瀧本が名古屋大学大学院情報科学研究科の久木田水生先生主催のMorality mod Scienceセミナーで講演しました。

タイトル:モラルの進化的起源―動物の利他行動と公平感・他者評価に着目して―

要旨:ヒトは困っている人を見かけるとつい手を差し伸べたくなる。そうした利他行動は幼いころから見られ、血縁のない人や見知らぬ人に対して発揮されることもある。しかし、利他者が一方的に他者を助けてばかりいては、他者を助けることで被る損失が埋め合わされず、利他行動が進化することはない。

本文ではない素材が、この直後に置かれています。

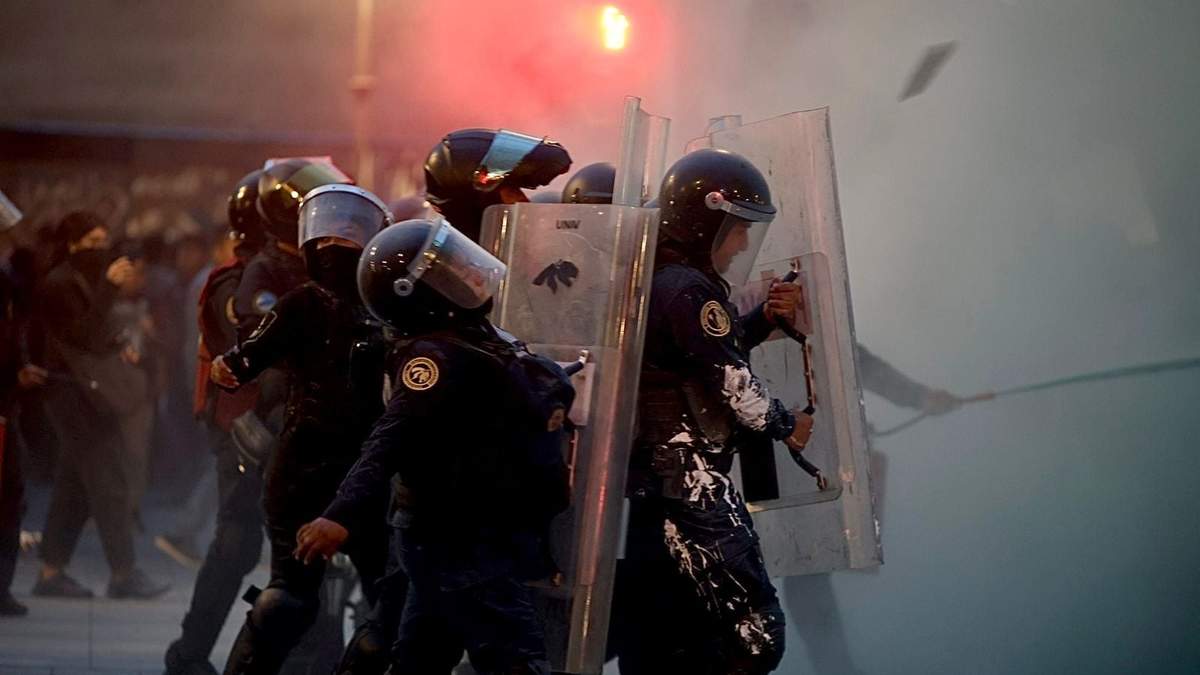 Policías en la marcha del 2 de octubre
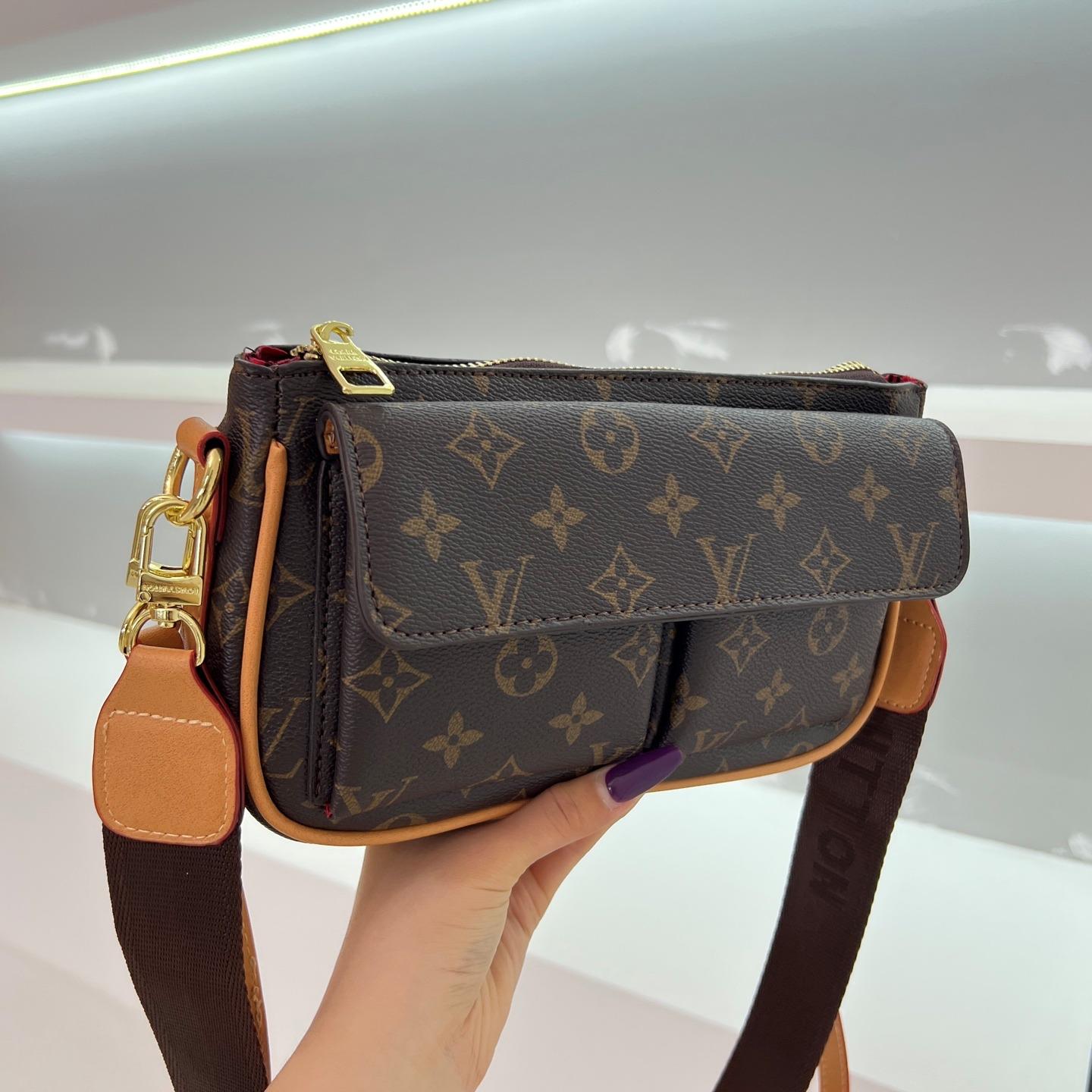 L-Handbag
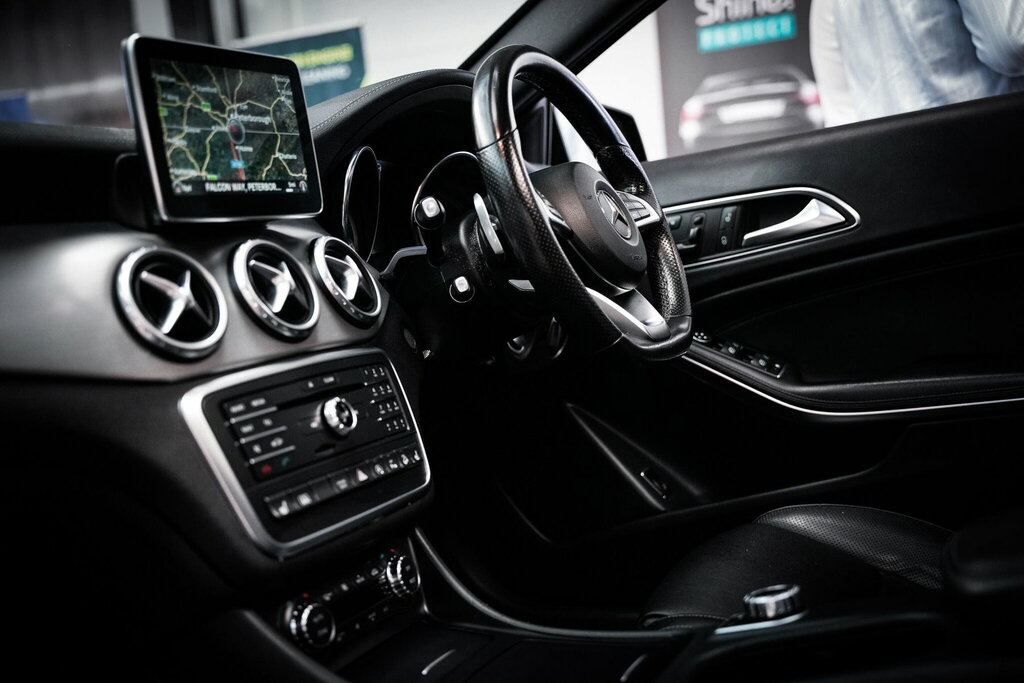 Mercedes-Benz GLA Class 2.1 Gla220d Amg Line Premium Plus 7G-dct 4Matic LO66CTZ #2
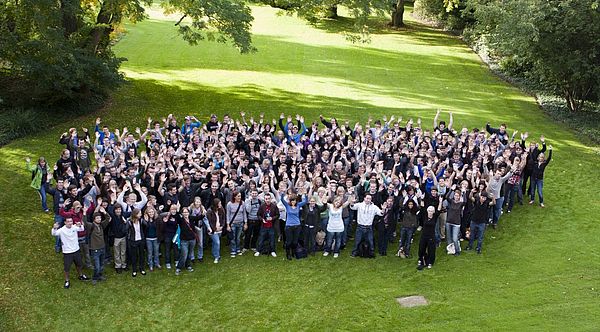 Gruppenbild Studenten von oben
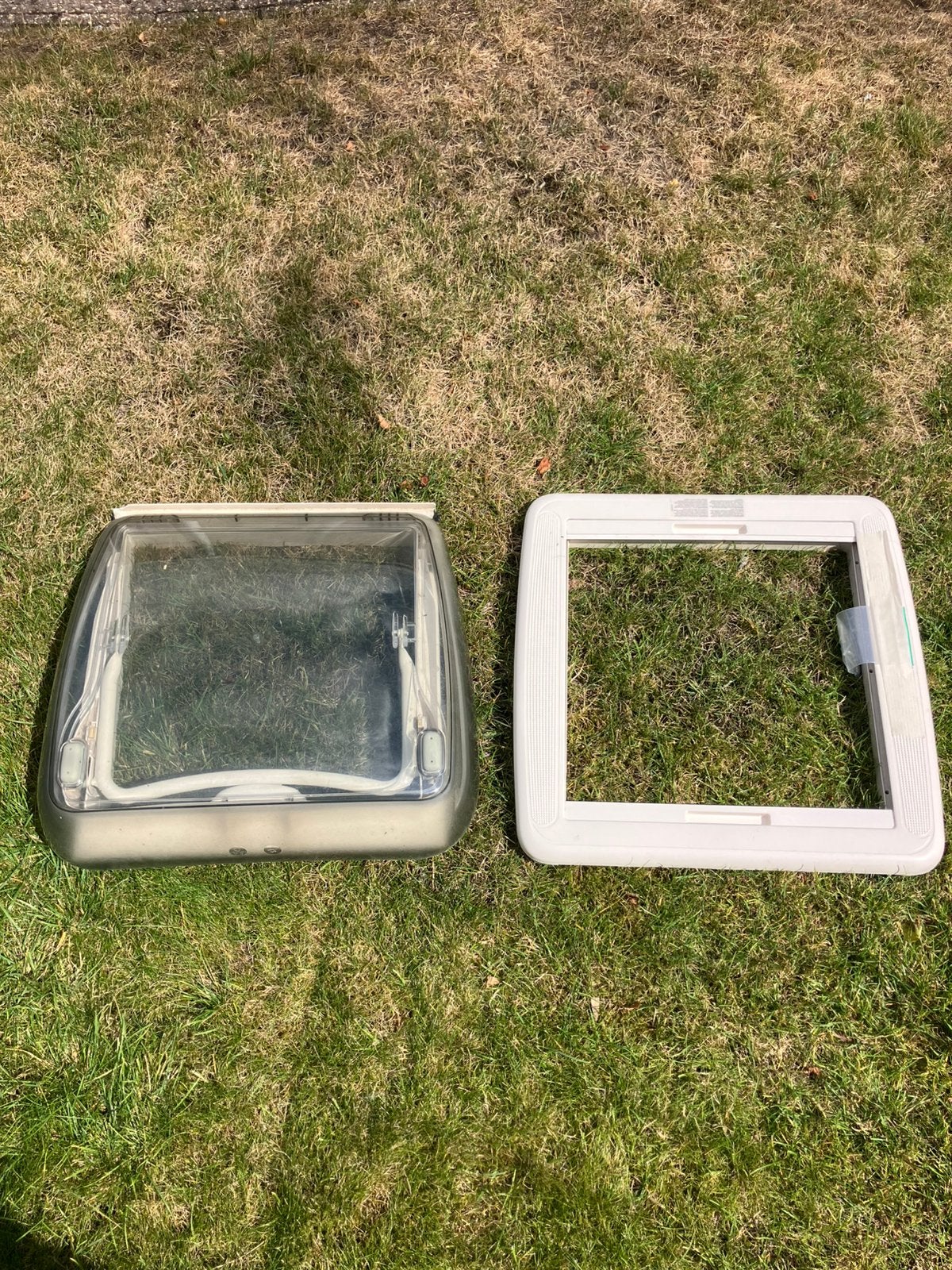 Camper Domestic dakluik compleet 40x40 cm, Ophalen, Zo goed als nieuw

利他行動が進化するには、利他者が助けた相手から直接的に、あるいは助けた場面を見聞きした第三者から間接的に、何らかの見返りを得て損失を埋め合わさなければならない。この互恵的利他行動を支え、利他者を防衛するシステムとして機能した1つが社会的感情であると考えられている(e.g., Trivers, 1985)。つまり、裏切り者検知や裏切り者に対する処罰・裏切りの防止に、公平感や感謝・後悔・罪悪感などの高次感情が役立ったのではないかというわけである。本講演では、まず、それらの高次感情の中でも公平感に着目し、動物の利他行動と公平感・公平感に基づく他者評価に関する比較認知科学的研究の最新成果を紹介する。次に、公平感やそれに基づく他者評価が利他行動の進化に果たした役割を考察する。最後に、公平感がモラルの維持に果たしうる役割について言及しつつ、モラルの進化的起源に迫ってみたい。